In algebra, a unit or invertible element of a ring is an invertible element for the multiplication of the ring. That is, an element u of a ring R is a unit if there exists v in R such that $${\displaystyle vu=uv=1,}$$ where 1 is the multiplicative identity; the element v is unique for this property and is called the multiplicative inverse of u. The set of units of R forms a group R^× under multiplication, called the group of units or unit group of R. Other notations for the unit group are R^∗, U(R), and E(R) (from the German term Einheit).

Less commonly, the term unit is sometimes used to refer to the element 1 of the ring, in expressions like ring with a unit or unit ring, and also unit matrix. Because of this ambiguity, 1 is more commonly called the "unity" or the "identity" of the ring, and the phrases "ring with unity" or a "ring with identity" may be used to emphasize that one is considering a ring instead of a rng.

The multiplicative identity 1 and its additive inverse −1 are always units. More generally, any root of unity in a ring R is a unit: if rⁿ = 1, then rⁿ⁻¹ is a multiplicative inverse of r. In a nonzero ring, the element 0 is not a unit, so R^× is not closed under addition. A nonzero ring R in which every nonzero element is a unit (that is, R^× = R ∖ {0}) is called a division ring (or a skew-field). A commutative division ring is called a field. For example, the unit group of the field of real numbers R is R ∖ {0}.

In the ring of integers Z, the only units are 1 and −1.

In the ring Z/nZ of integers modulo n, the units are the congruence classes (mod n) represented by integers coprime to n.

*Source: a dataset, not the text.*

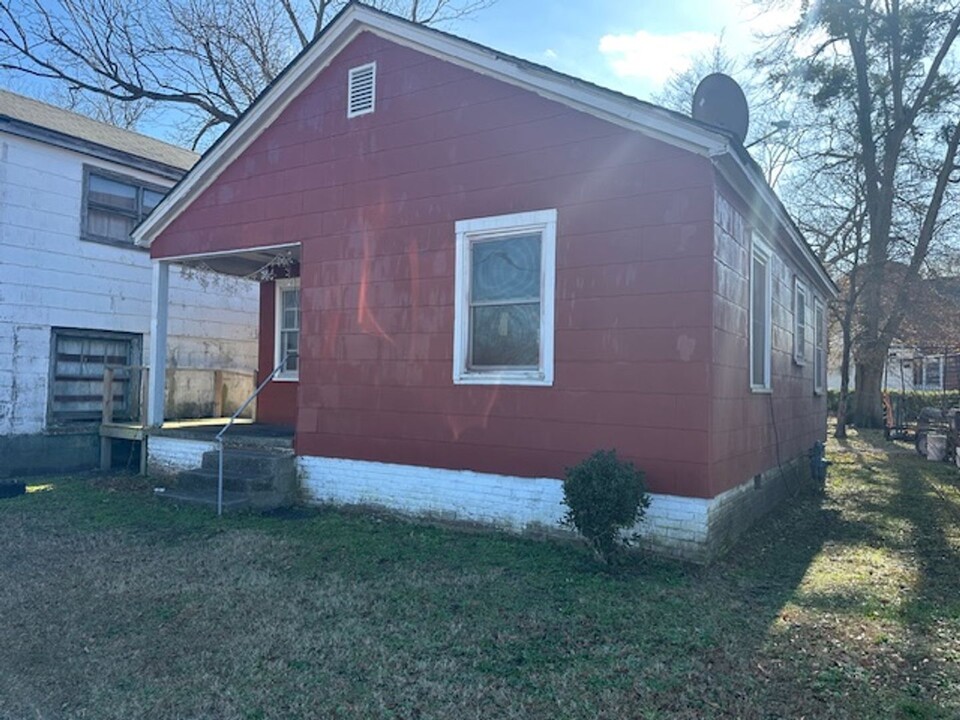 403 North St in Kinston, NC - Building Photo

They constitute the multiplicative group of integers modulo n.

In the ring Z[√3] obtained by adjoining the quadratic integer √3 to Z, one has (2 + √3)(2 − √3) = 1, so 2 + √3 is a unit, and so are its powers, so Z[√3] has infinitely many units.

More generally, for the ring of integers R in a number field F, Dirichlet's unit theorem states that R^× is isomorphic to the group $${\displaystyle \mathbf {Z} ^{n}\times \mu _{R}}$$ where ${\displaystyle \mu _{R}}$ is the (finite, cyclic) group of roots of unity in R and n, the rank of the unit group, is $${\displaystyle n=r_{1}+r_{2}-1,}$$ where ${\displaystyle r_{1},r_{2}}$ are the number of real embeddings and the number of pairs of complex embeddings of F, respectively.

This recovers the Z[√3] example: The unit group of (the ring of integers of) a real quadratic field is infinite of rank 1, since ${\displaystyle r_{1}=2,r_{2}=0}$.